- Born: Robert James Berry 11 June 1916 Gisborne, New Zealand
- Died: 2 August 2018 (aged 102) Gisborne, New Zealand
- Spouse: Lady Anne Berry ​(m. 1990)​

= Bob Berry (dendrologist) =

New Zealand dendrologist (1916–2018)

Robert James Berry (11 June 1916 – 2 August 2018) was a New Zealand dendrologist who founded Hackfalls Arboretum at his farm in Tiniroto, Gisborne. The arboretum is now known for having one of the largest collections of Mexican oaks in the world. During the 1950s and 1960s he was in regular contact with William Douglas Cook, the founder of Eastwoodhill Arboretum, Ngatapa, Gisborne. Berry made the first catalogues of this arboretum, which is now the National Arboretum of New Zealand.

==Biography==
Berry was born in Gisborne in 1916. His grandfather was originally from Knaresborough, Yorkshire, England, and had settled in the East Coast area of the North Island of New Zealand in 1889. In 1916, the Berry family bought the majority of Abbotsford Station from the Whyte family, the first European settlers in the area of Tiniroto, a small rural settlement, about halfway along the inland road between Gisborne and Wairoa. The original property of the Berry family at Tiniroto, called Hackfalls, was sold. The name lapsed, but was then used again for the new property, in 1984.

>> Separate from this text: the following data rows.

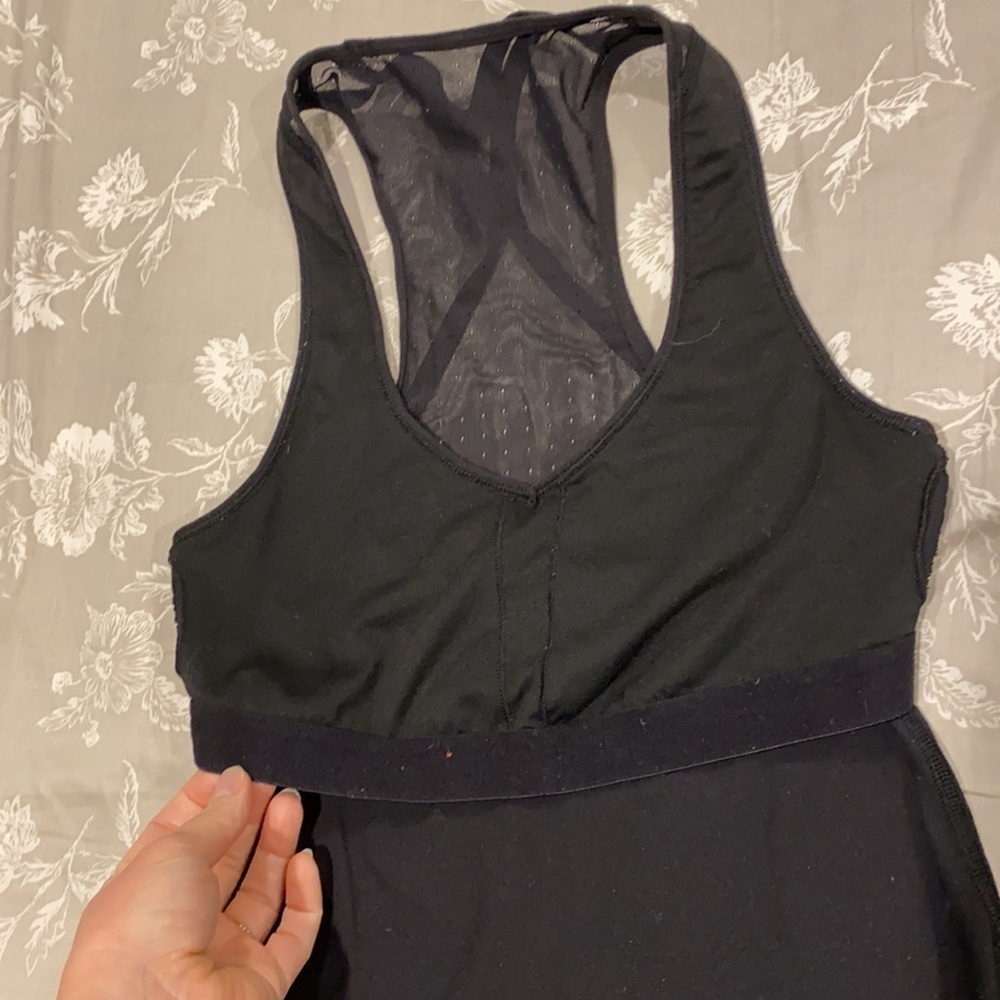 Lululemon Built In Bra Top With Mesh Back - Picture 10 of 13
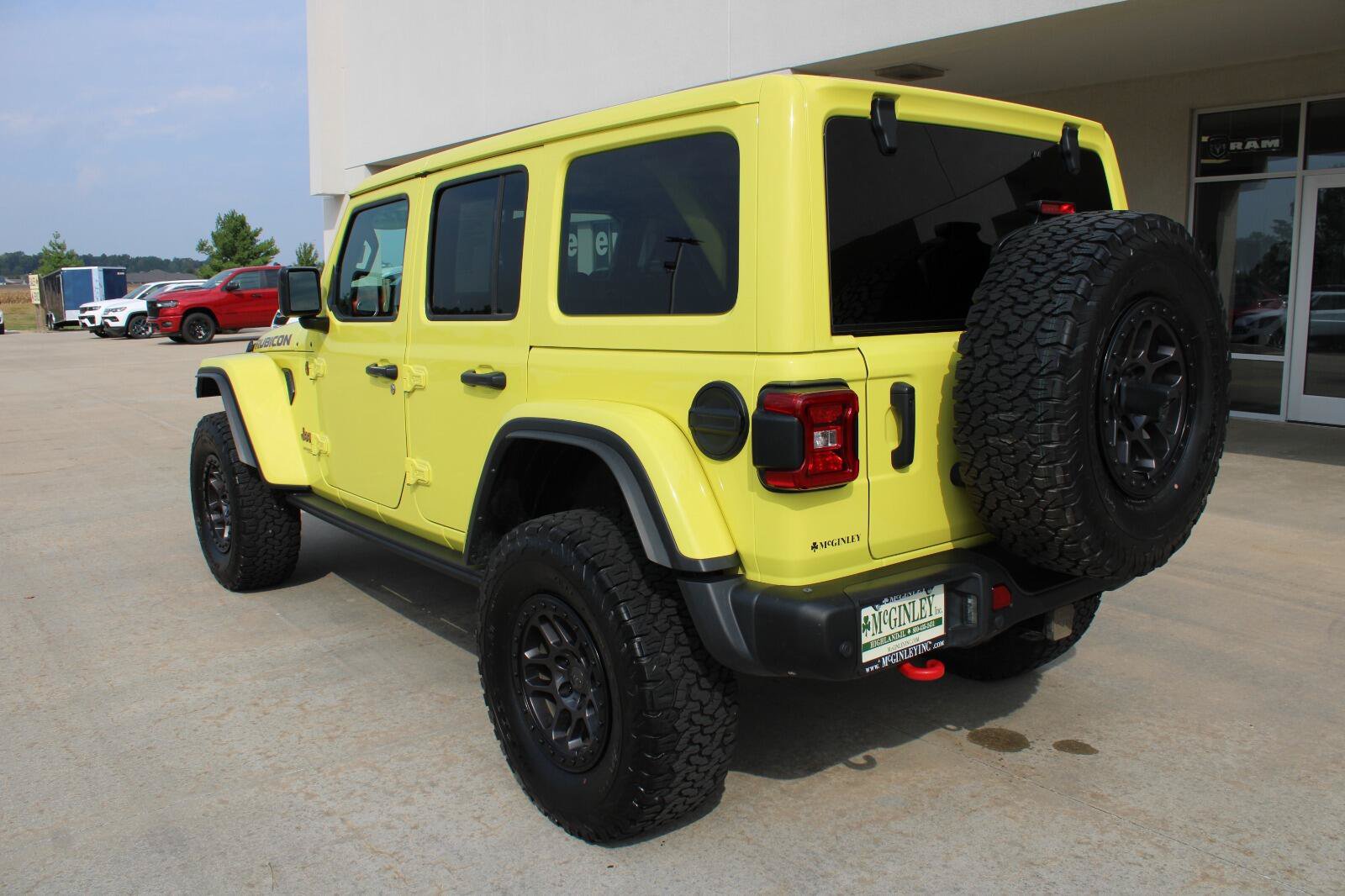 Certified 2022 Jeep Wrangler Unlimited Rubicon w/ Xtreme Recon 35" Tire Package AWD/4WD image 9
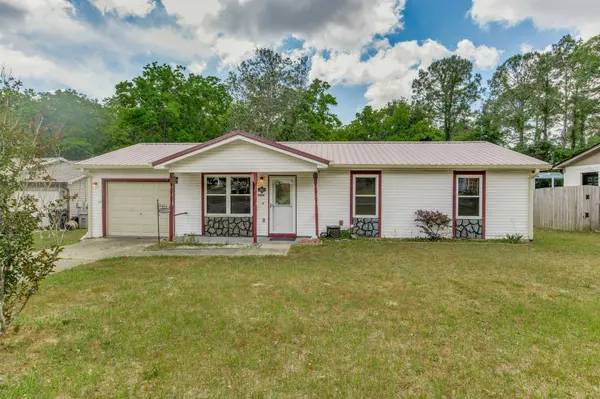 7035 Moore Ave, Pensacola, FL 32526-3107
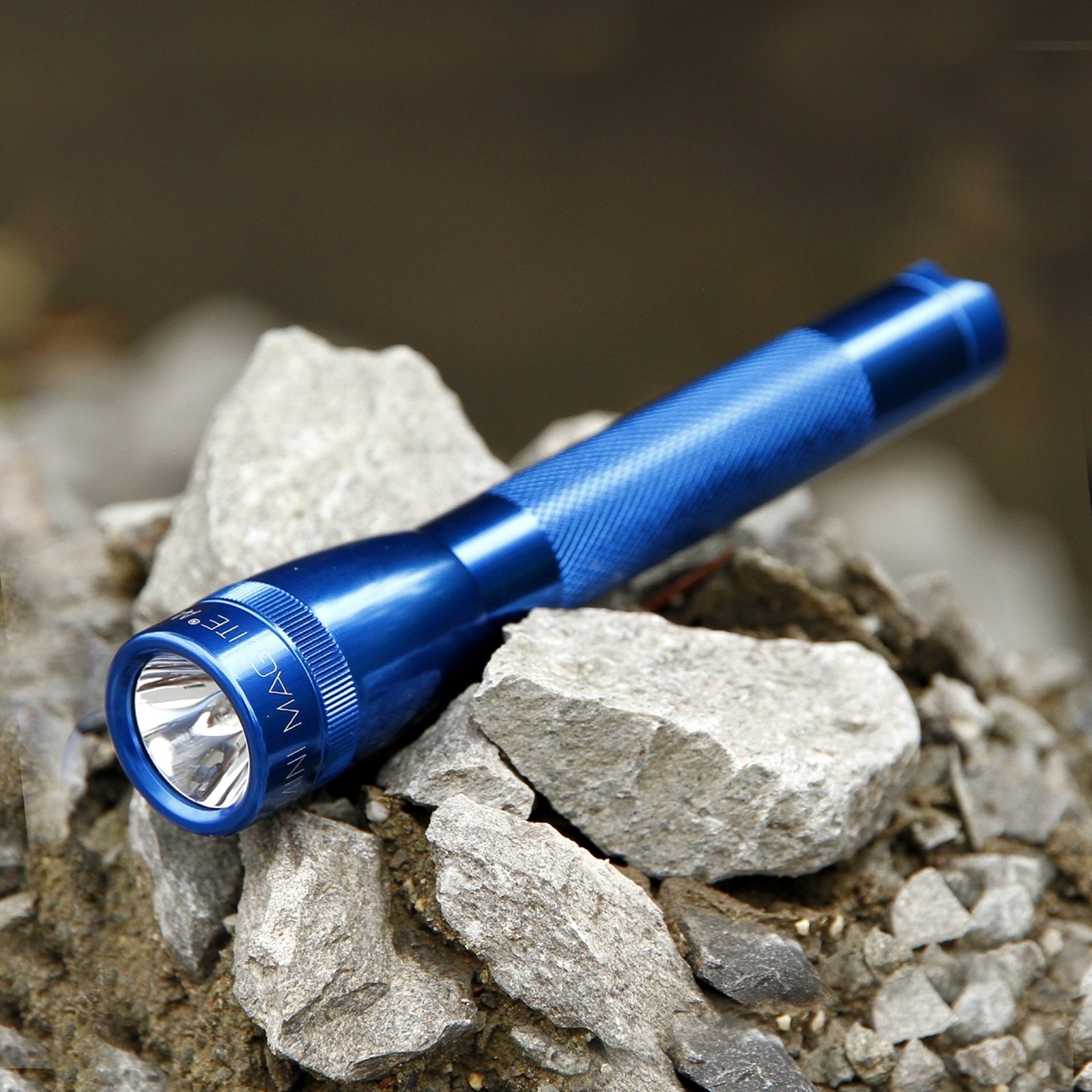 Maglite zaklamp Mini, 2 Cell AA, holster, blauw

As Berry grew older he developed an interest in trees for their beauty and botanical interest. Most farmers, like his father, planted trees mainly for shelter, timber and fencing, and fruit crops. Long shelterbelts of poplars separate the paddocks and the properties at Tiniroto.
During the weekends Berry planted and maintained his growing collection of more unusual trees. Most of the trees were planted around Lake Kaikiore and in the pasture between Lake Kaikiore and Lake Karangata.
Berry took over management of the farm in 1950. From this time on his interest and enthusiasm for what had been a hobby reached a new level.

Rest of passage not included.